**DATA LISTING**.

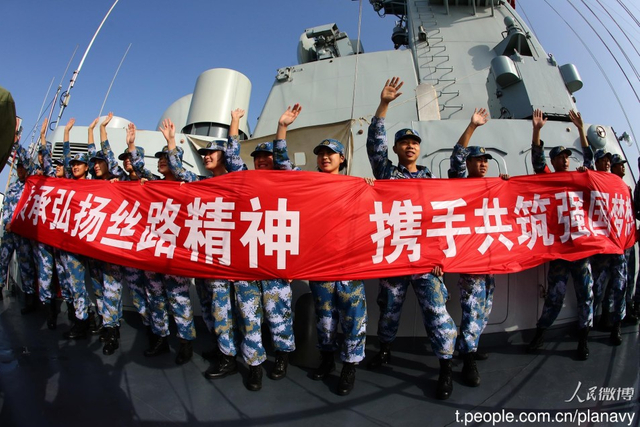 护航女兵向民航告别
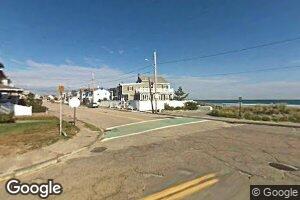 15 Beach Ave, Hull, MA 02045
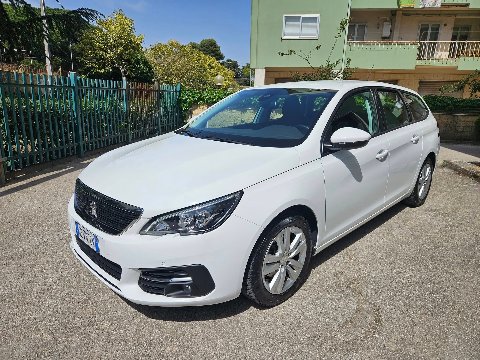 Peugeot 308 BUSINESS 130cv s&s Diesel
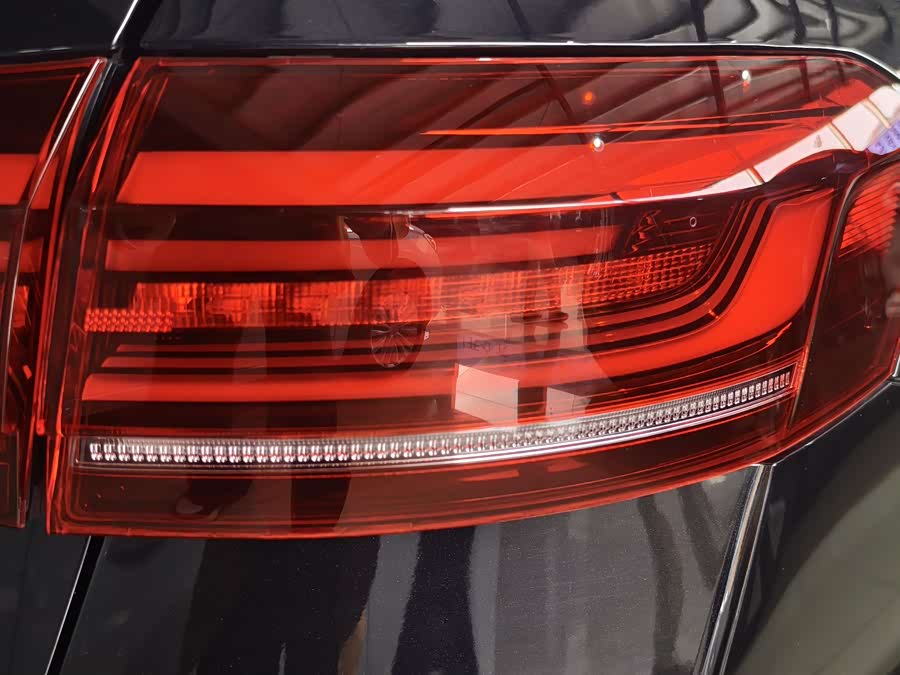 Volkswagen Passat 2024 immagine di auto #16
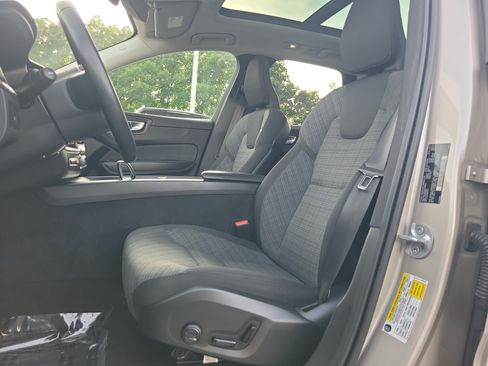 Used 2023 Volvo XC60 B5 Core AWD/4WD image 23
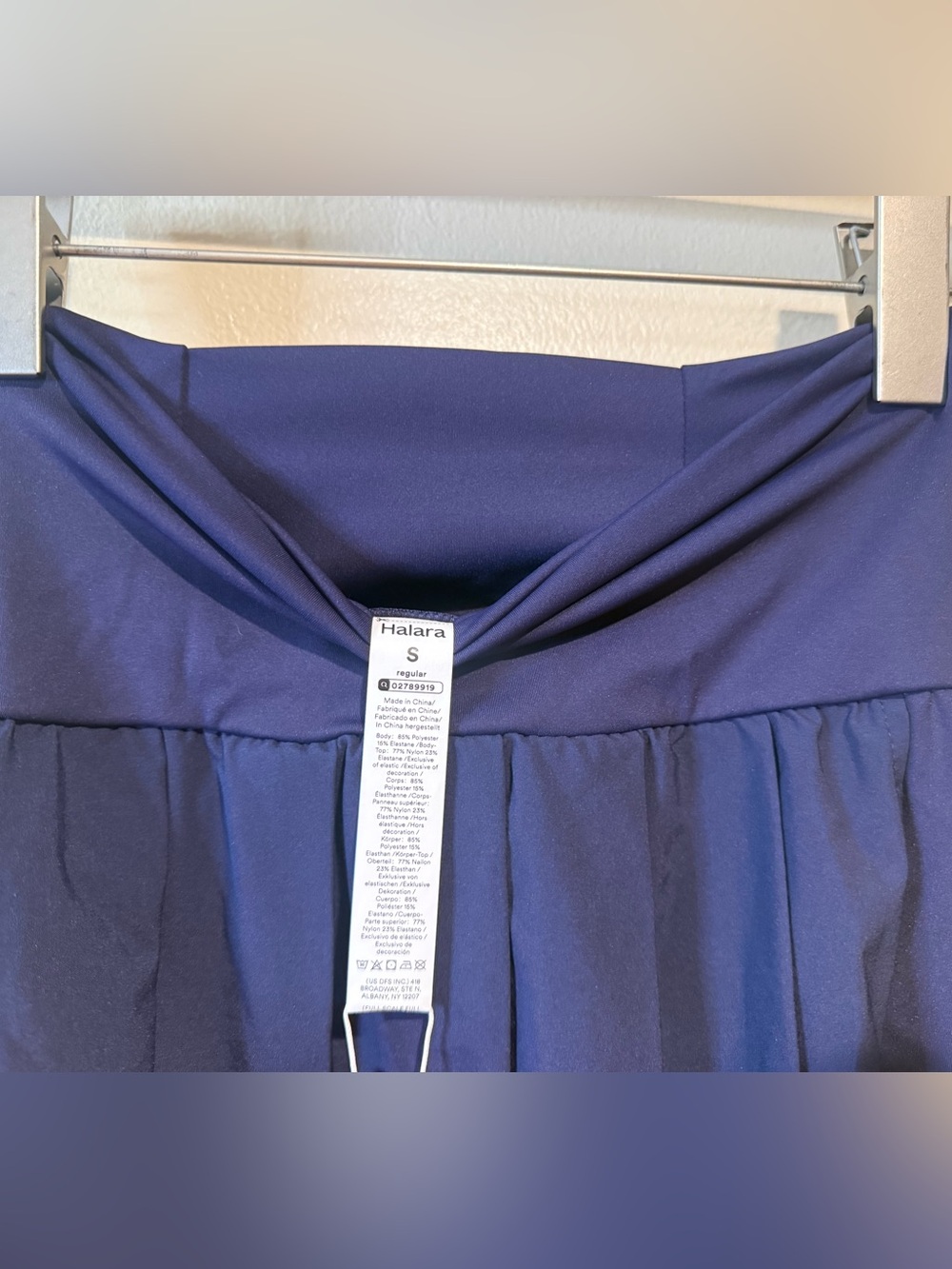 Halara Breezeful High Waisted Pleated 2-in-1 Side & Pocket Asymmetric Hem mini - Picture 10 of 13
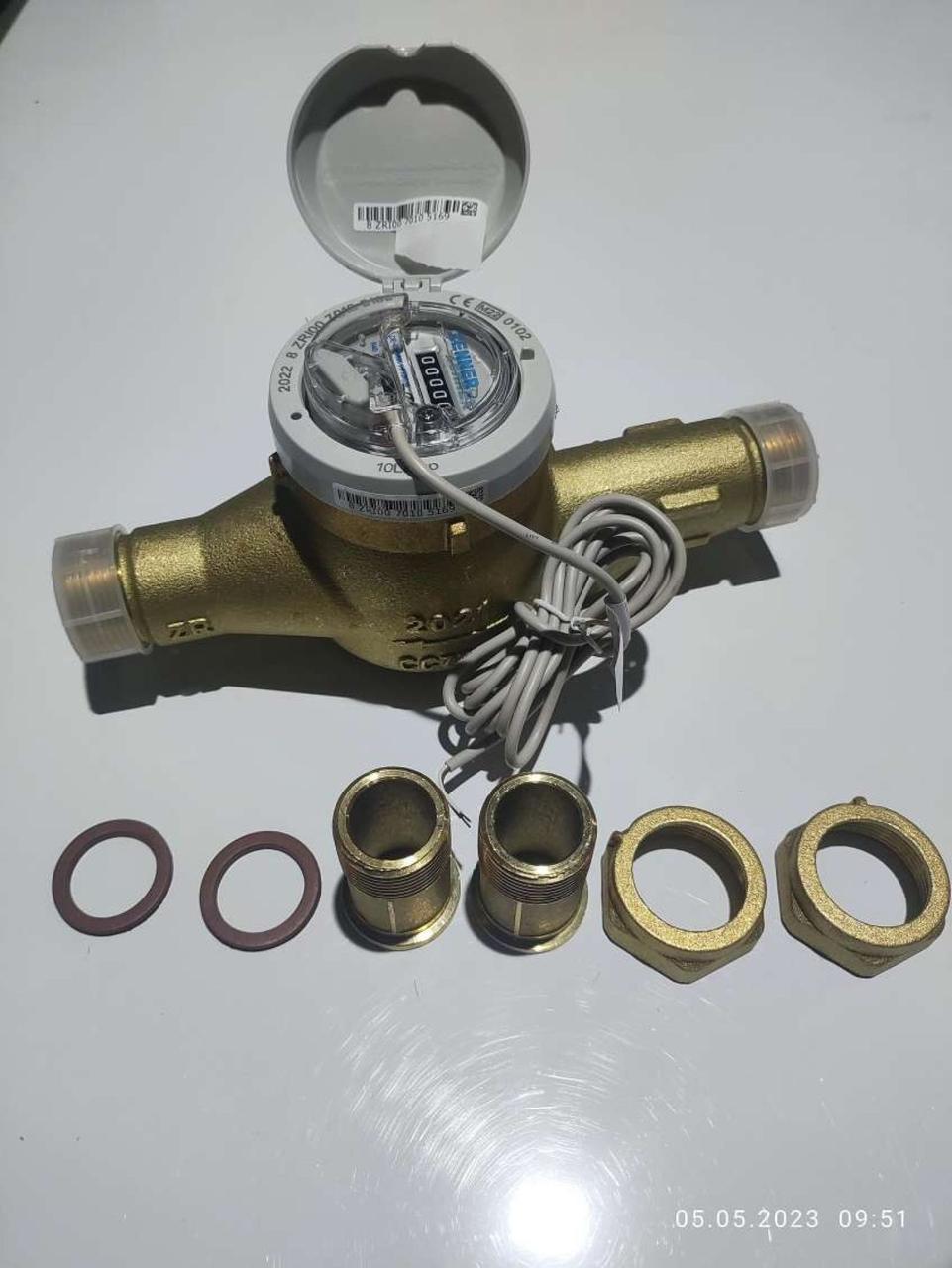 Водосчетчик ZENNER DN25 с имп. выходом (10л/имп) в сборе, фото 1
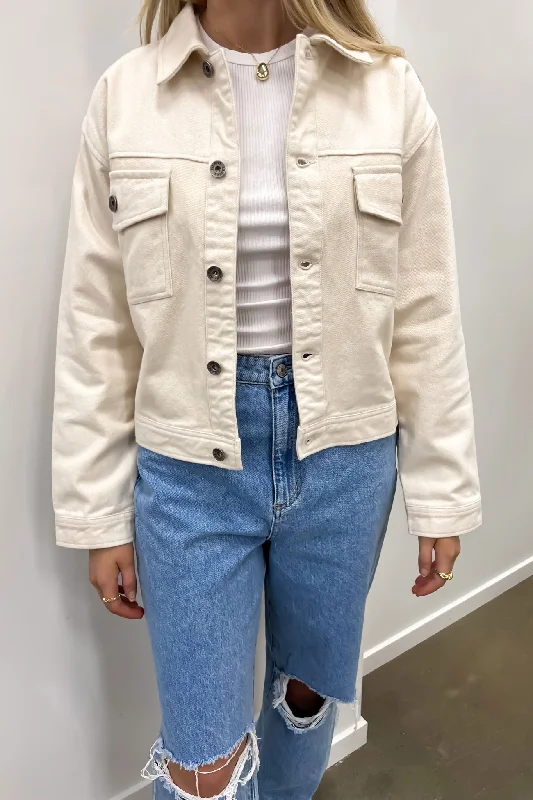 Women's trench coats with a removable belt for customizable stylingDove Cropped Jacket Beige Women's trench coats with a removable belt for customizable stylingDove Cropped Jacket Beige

...

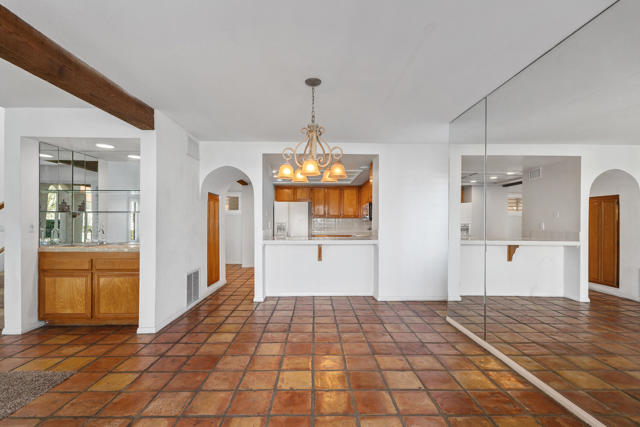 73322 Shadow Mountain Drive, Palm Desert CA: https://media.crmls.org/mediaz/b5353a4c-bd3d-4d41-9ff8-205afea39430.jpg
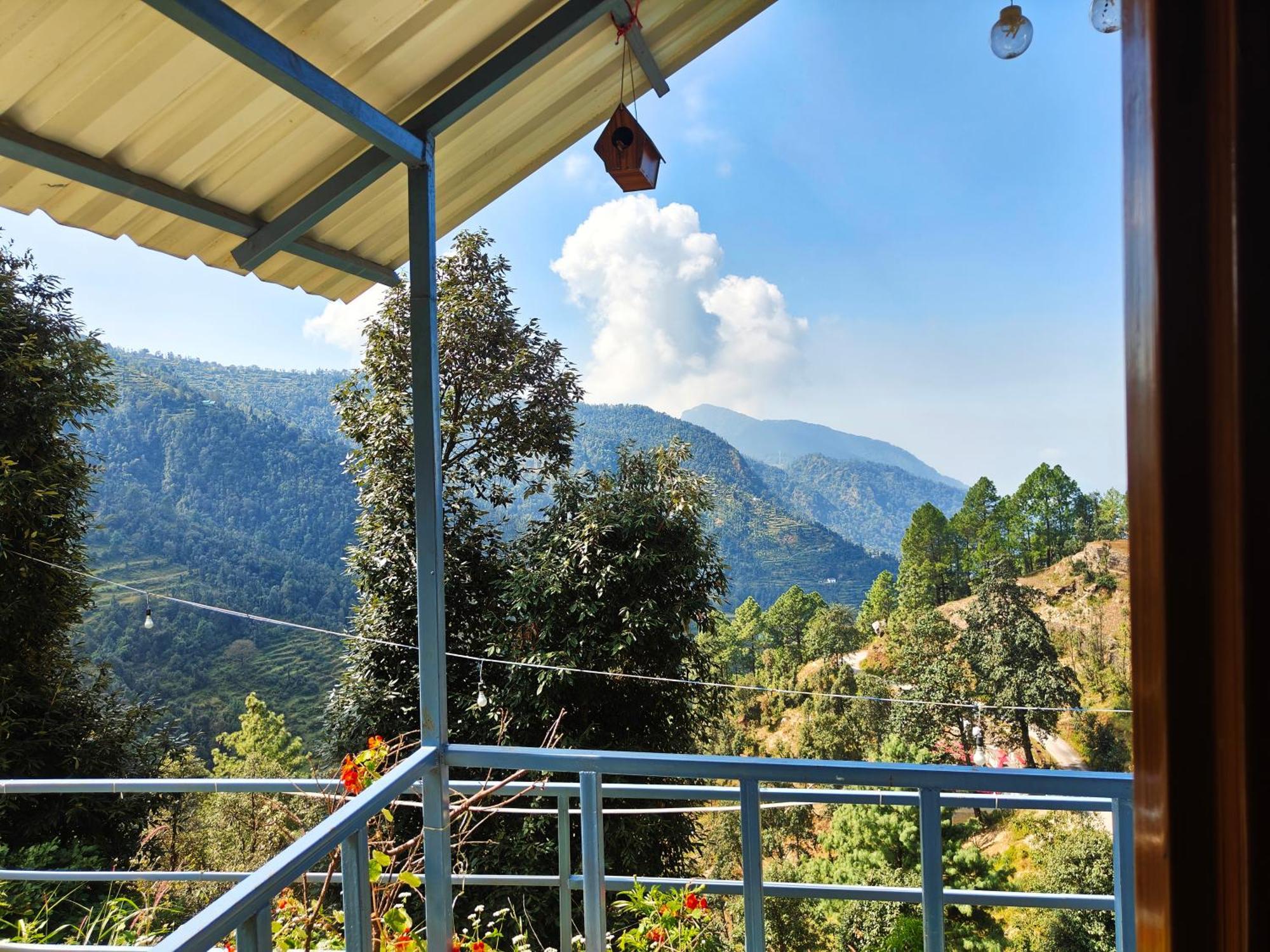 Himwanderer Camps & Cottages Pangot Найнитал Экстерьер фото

**TASK TO COMPLETE**.
Above are records; repeat only the lines from the line with "15 Beach Ave, Hull, MA 02045" through the line with "Jacket Beige Women's", and leave pictures out.

**TASK OUTPUT**.
 15 Beach Ave, Hull, MA 02045
 Peugeot 308 BUSINESS 130cv s&s Diesel
 Volkswagen Passat 2024 immagine di auto #16
 Used 2023 Volvo XC60 B5 Core AWD/4WD image 23
 Halara Breezeful High Waisted Pleated 2-in-1 Side & Pocket Asymmetric Hem mini - Picture 10 of 13
 Водосчетчик ZENNER DN25 с имп. выходом (10л/имп) в сборе, фото 1
 Women's trench coats with a removable belt for customizable stylingDove Cropped Jacket Beige Women's trench coats with a removable belt for customizable stylingDove Cropped Jacket Beige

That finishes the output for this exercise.